→ TASK REQUIREMENTS
Repeat the data below in full. Pictures must not be part of the copy.

[Short web captions]

== Segment start ==

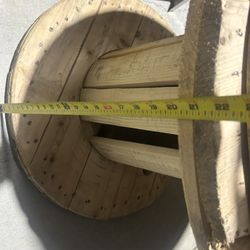 2 Wooden Spools  / Read Below ⬇️ 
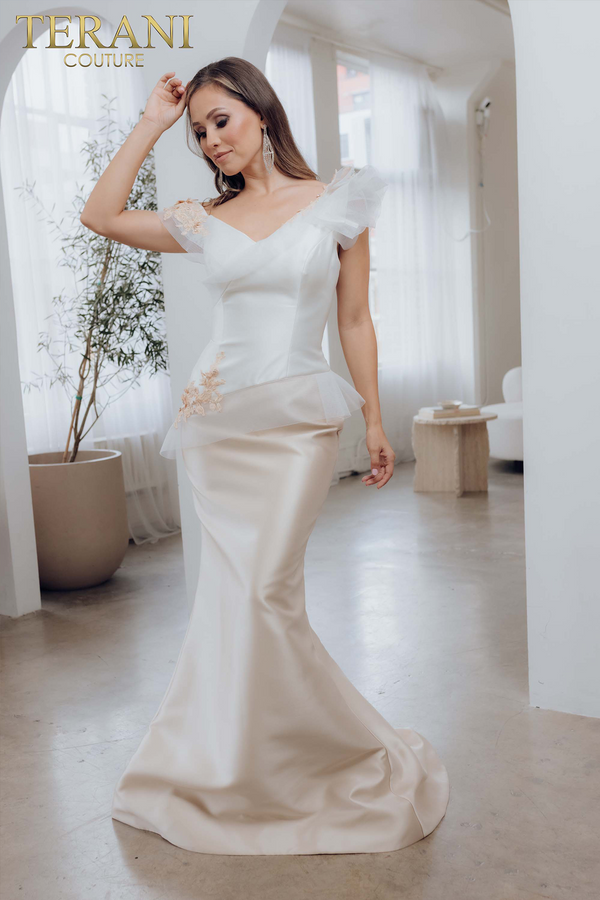 Terani Couture 241E2478 Long Trumpet Evening Formal Dress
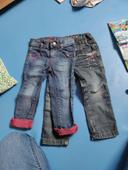 Lot deux jeans Catimini fille 2ans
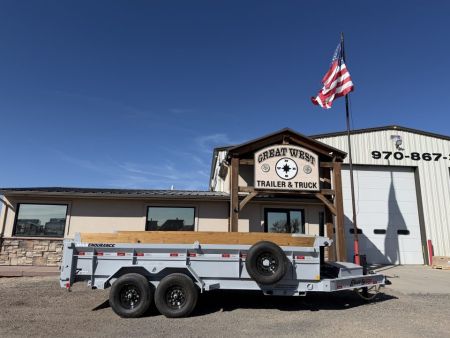 New 2027 Liberty 14k-14' low side Dump Trailer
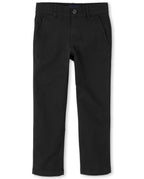 The Children's Place Boys Stretch Skinny Chino Pants,Black Single,10
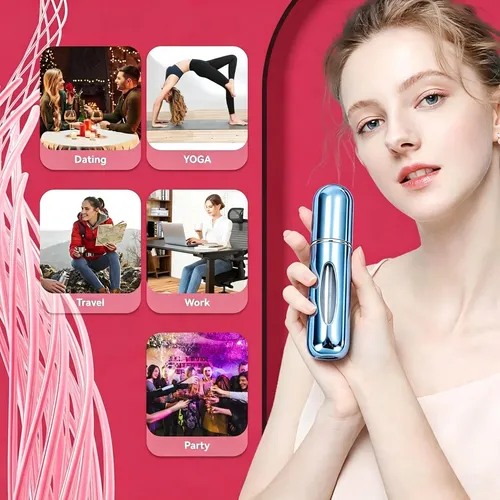 Botella De Perfume Compacta Ligera Para Mujer Salida Diaria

== Segment end ==

→ ANSWER TO THIS PROBLEM
 2 Wooden Spools  / Read Below ⬇️ 
 Terani Couture 241E2478 Long Trumpet Evening Formal Dress
 Lot deux jeans Catimini fille 2ans
 New 2027 Liberty 14k-14' low side Dump Trailer
 The Children's Place Boys Stretch Skinny Chino Pants,Black Single,10
 Botella De Perfume Compacta Ligera Para Mujer Salida Diaria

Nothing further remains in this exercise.